## MATERIAL SHOWN
* * * * * * * * *

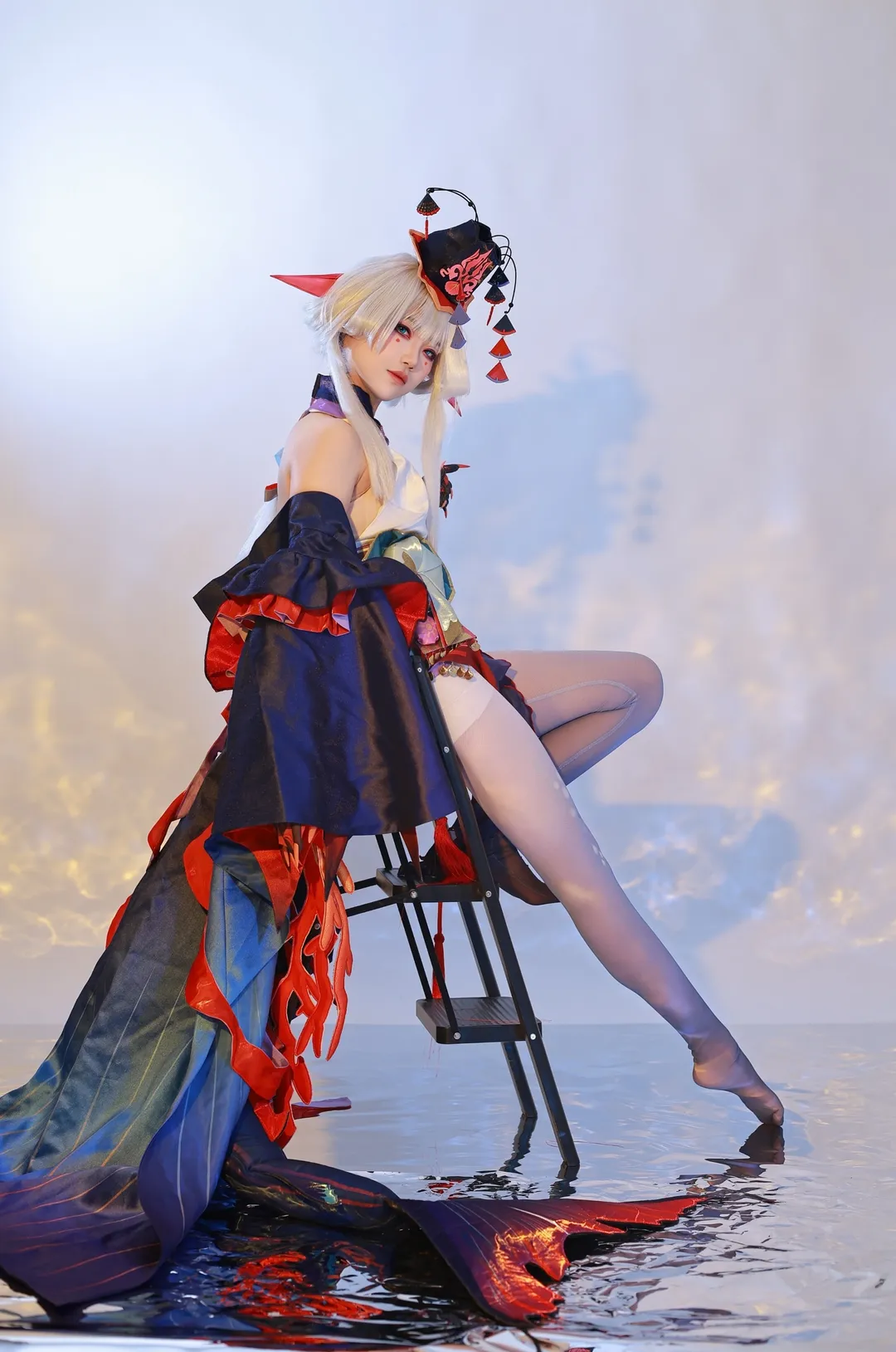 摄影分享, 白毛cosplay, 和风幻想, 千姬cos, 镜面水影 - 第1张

* * * * * * * * *

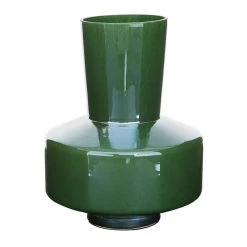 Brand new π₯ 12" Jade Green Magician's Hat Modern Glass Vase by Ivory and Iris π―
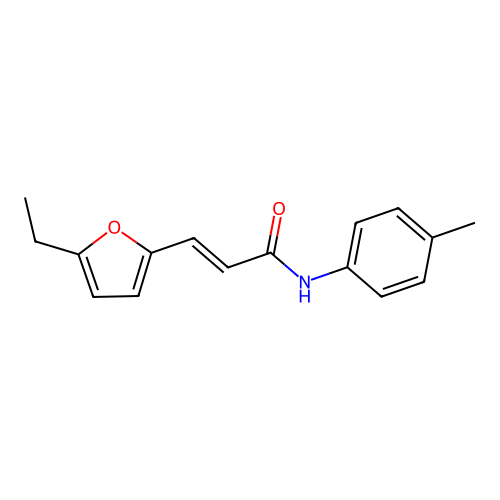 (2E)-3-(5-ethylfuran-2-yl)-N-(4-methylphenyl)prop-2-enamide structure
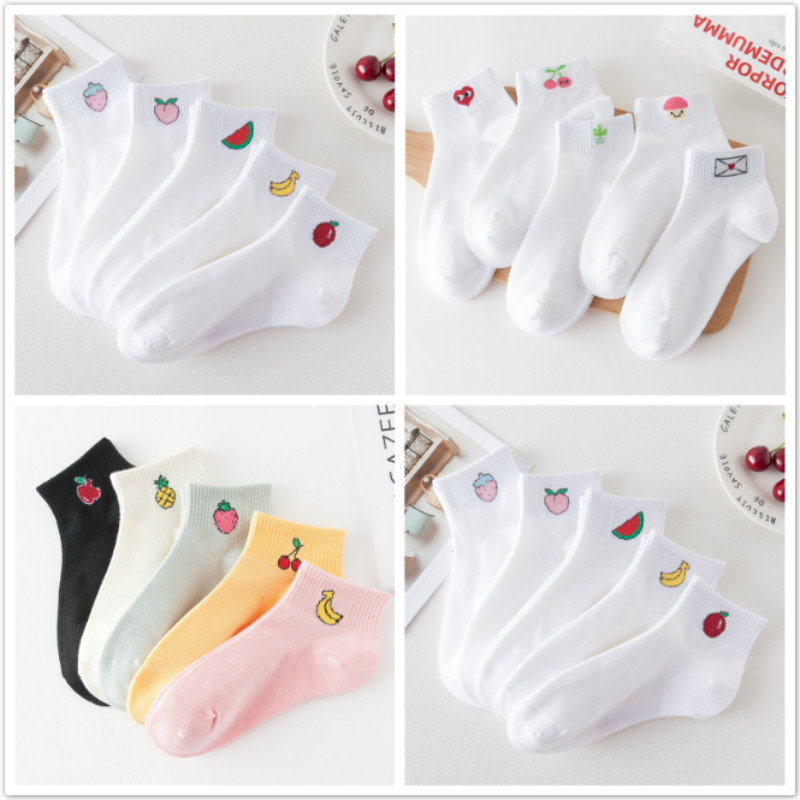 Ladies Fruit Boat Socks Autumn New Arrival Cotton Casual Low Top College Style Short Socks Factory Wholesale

* * * * * * * * *

## TASK
Transcribe the lines above exactly, beginning at the one with "Brand new π₯" and ending at the one with "Ladies Fruit Boat". Include both; exclude the pictures.

## REPLY
 Brand new π₯ 12" Jade Green Magician's Hat Modern Glass Vase by Ivory and Iris π―
 (2E)-3-(5-ethylfuran-2-yl)-N-(4-methylphenyl)prop-2-enamide structure
 Ladies Fruit Boat Socks Autumn New Arrival Cotton Casual Low Top College Style Short Socks Factory Wholesale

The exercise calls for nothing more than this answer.